Small Python app to clean CSV files and insert it to a Postgresql database.
Time spent : 5 hours
You need docker
and docker-compose
to run this app. You can follow this link to install (but Docker 19.03.0+ is needed).
git clone https://github.com/nicolazg/gdc-data-exercise.git
cd gdc-data-exercice/
docker-compose build
docker-compose up app
Postgresql
- object-relational database open source
- high concurrency, ACID compliance
- adheres more closely to SQL standards
SQLAlchemy
I made the choice to have a more generic brick at the cost of performance.
As a result, it is easier to change the provider.
Nevertheless, using chunksize in pandas.to_sql
method allows to simulate bulk insert and to obtain acceptable performances.
I've chosen to separate users' connections in a separate table (and dropped misc from the user table) to better exploit this information.
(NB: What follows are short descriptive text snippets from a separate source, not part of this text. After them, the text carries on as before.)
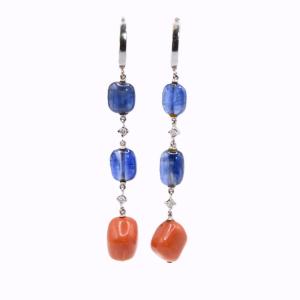 Tanzanite And Coral Ear Pendants.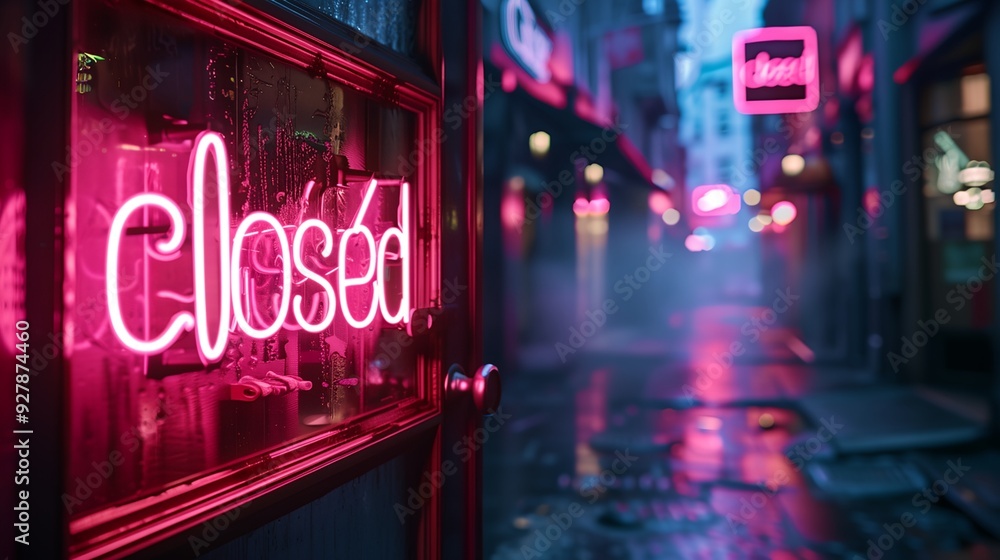 a neon sign that reads closed on a building on a city street at night time a neon sign that reads closed on a building on a city street at night time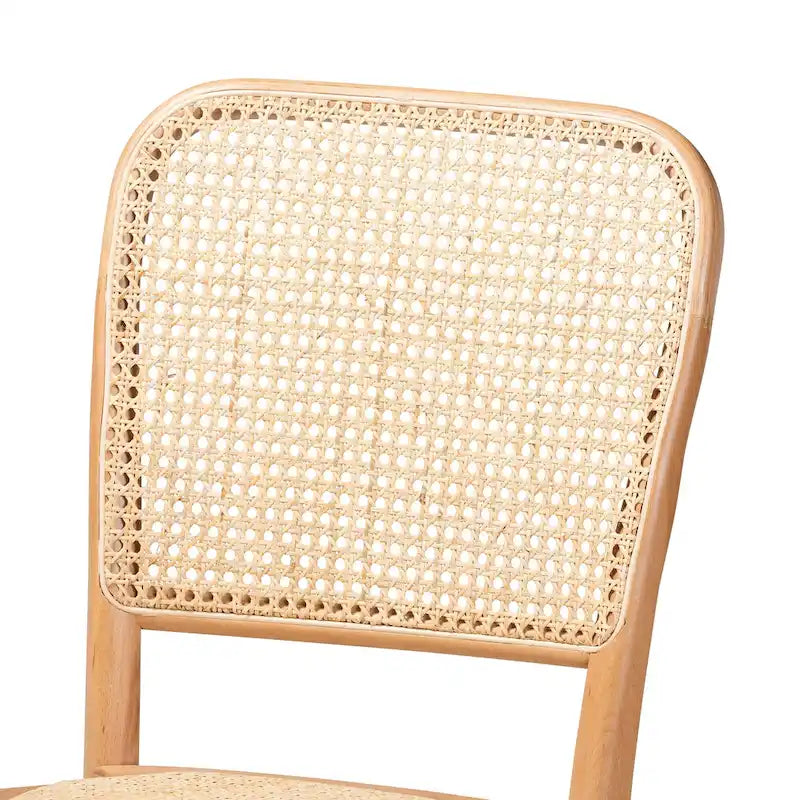 Ensemble de 2 chaises de salle à manger en rotin tressé et bois, style Mid-Century Modern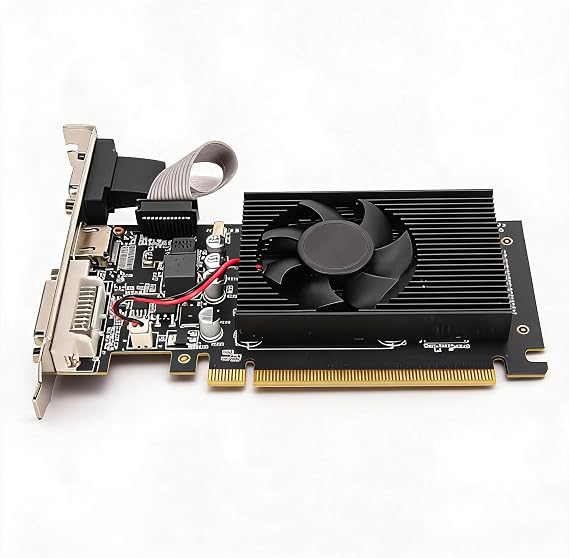 GT610 Graphics Card, 2GB 64bit GDDR3 Video Card with Cooling Fan for Desktop Computer, PCI Express x16 Interface, HDMI DVI VGA Output Ports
However, it takes a lot of time and makes the treatment more complicated.
I didn't have enough time to process this part as I had planned.
My initial goal was to analyze the time between the publication of an ad and its transaction in order to identify a potential user alert suggesting to put his ad back on top of the pile.
Unfortunately, I only produced a graph showing the distribution of this delta by category (as shown below).
Install pytest 6.1.2
and then run pytest
at the root of the project for launching few tests.
- Adding more tests (not enough time)
- Speeding up the application
- optimizing some data treatment
- using database driver and bulk insert
- Adding security to the database (schema)